**Task directions**
Nothing but the lines from the line with "Pánska pracovná obuv CXS, velkost 42" through the end of the data is to be copied, and each is to be copied exactly.

**Given information**

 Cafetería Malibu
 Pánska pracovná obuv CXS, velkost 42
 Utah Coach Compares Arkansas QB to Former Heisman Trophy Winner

**Answer for this exercise**
 Pánska pracovná obuv CXS, velkost 42
 Utah Coach Compares Arkansas QB to Former Heisman Trophy Winner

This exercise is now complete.